Barcelona School of Economics
- Type: University Research Institute
- Established: 2006
- Founder: Andreu Mas-Colell
- Chairperson: Teresa Garcia-Milà
- Director: Joan Monràs
- Location: Barcelona, Catalonia, Spain 41°23′24.32″N 2°11′27.35″E﻿ / ﻿41.3900889°N 2.1909306°E
- Website: bse.eu

= Barcelona School of Economics =

Research institution in Barcelona

The Barcelona School of Economics (BSE) is an institute for research and graduate education in economics, finance, data science, and the social sciences located in Barcelona, Spain. It was founded as a partnership among four academic units: Universitat Pompeu Fabra (UPF) and Universitat Autònoma de Barcelona (UAB), together with the Center for Research in International Economics (CREI) and Institute for Economic Analysis (IAE-CSIC). In research-based rankings, BSE is widely recognized as one of the world's leading economics institutions, while UPF is ranked among the top departments in Europe in Economics & Econometrics. BSE was founded in 2006 by economist and microeconomic theorist Andreu Mas-Colell.

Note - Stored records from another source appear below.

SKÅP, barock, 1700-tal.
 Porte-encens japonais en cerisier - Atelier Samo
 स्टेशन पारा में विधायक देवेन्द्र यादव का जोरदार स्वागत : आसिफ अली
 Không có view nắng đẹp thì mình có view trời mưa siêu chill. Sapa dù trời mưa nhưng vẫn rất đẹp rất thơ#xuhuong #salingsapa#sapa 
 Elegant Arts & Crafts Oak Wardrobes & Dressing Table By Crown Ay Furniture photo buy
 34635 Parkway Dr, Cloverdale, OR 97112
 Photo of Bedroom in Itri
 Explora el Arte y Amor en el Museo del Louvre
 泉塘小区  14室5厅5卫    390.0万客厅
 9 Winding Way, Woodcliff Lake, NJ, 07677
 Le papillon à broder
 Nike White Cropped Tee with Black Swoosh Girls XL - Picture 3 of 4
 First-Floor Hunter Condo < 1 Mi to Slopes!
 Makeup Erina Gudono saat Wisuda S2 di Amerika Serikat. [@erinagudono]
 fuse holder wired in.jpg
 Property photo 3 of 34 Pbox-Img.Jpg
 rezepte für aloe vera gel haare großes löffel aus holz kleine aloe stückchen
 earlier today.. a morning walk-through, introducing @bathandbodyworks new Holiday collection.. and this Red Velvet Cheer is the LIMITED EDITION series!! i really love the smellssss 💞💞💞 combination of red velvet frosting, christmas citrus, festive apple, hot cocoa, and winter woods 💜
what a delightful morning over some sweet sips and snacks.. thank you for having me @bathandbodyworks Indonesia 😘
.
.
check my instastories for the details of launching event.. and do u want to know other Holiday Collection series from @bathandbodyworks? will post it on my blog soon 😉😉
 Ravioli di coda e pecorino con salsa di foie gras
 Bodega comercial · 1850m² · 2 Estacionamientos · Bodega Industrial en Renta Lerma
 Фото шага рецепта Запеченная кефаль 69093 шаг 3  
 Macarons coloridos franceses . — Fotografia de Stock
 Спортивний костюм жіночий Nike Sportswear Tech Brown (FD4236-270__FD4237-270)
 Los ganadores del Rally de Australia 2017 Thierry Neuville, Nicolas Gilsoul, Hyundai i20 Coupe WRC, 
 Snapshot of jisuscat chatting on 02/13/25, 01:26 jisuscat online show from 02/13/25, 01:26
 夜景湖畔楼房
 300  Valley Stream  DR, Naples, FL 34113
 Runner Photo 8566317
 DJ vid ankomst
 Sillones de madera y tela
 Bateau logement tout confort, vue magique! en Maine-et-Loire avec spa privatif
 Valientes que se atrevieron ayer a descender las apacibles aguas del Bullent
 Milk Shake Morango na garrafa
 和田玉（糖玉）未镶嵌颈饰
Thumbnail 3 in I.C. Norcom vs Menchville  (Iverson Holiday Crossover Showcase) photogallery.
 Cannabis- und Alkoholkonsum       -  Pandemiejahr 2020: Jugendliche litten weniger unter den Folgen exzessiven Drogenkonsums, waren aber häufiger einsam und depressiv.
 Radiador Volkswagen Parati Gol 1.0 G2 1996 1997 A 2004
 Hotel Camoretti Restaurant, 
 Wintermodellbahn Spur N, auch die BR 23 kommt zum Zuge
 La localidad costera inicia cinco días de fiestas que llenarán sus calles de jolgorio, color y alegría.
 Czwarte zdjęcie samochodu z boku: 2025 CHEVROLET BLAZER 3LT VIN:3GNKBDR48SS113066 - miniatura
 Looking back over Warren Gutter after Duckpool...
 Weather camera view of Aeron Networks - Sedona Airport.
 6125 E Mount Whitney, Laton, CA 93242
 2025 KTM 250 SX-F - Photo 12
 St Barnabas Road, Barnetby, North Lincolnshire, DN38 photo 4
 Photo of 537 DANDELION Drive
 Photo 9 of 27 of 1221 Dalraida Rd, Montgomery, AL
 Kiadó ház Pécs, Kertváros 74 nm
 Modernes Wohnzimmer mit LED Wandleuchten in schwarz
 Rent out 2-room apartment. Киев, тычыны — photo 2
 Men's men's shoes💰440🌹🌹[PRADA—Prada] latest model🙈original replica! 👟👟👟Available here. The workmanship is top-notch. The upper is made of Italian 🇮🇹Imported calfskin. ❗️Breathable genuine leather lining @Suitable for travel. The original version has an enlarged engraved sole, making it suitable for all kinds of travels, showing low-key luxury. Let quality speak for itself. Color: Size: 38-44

BSE offers master's programs and is part of a wider doctoral training community through two Economics PhD programs co-organized with UPF and UAB, respectively. Master's degrees are awarded by the respective universities; the largest program, the master's degree in economics, is awarded by Universitat Pompeu Fabra.

The BSE Summer Forum is a major annual conference where economists present their latest work across dozens of topics in Economics research.

The Calvó-Armengol International Prize is awarded every two years by BSE and the Government of Andorra to a researcher in Economics or social sciences who is not older than 40 years old for significant contributions to the theory and comprehension of the mechanisms of social interaction.

In addition to two economics PhD programs through UPF and UAB, BSE's educational offerings include master's degrees, summer schools, executive education courses, and in-company training. The Barcelona School of Economics is accredited by the Catalan University Quality Assurance Agency (AQU).

==History==

Established as the Barcelona Graduate School of Economics (Barcelona GSE), the institution was legally recognized by the Government of Catalonia in October 2006 as a foundation dedicated to higher education.

The School was created with the objective to foster scientific cooperation between four existing academic and research units in Barcelona:

- Autonomous University of Barcelona — Unit of Economic Analysis
- Pompeu Fabra University — Department of Economics and Business
- Centre for Research in International Economics
- Institute for Economic Analysis (part of the Spanish National Research Council)

==Name change==

The institution changed its name to Barcelona School of Economics in 2021. It was formerly known as the Barcelona Graduate School of Economics, or Barcelona GSE.

==Board of Trustees==

BSE's Board of Trustees includes both private and public institutions, as well as distinguished academics who serve in a personal capacity.

==Scientific Council==

The BSE Scientific Council is a group of distinguished economists who provide strategic guidance to BSE's leadership team.
Members meet in Barcelona periodically to analyze BSE education programs, research initiatives, and institutional development.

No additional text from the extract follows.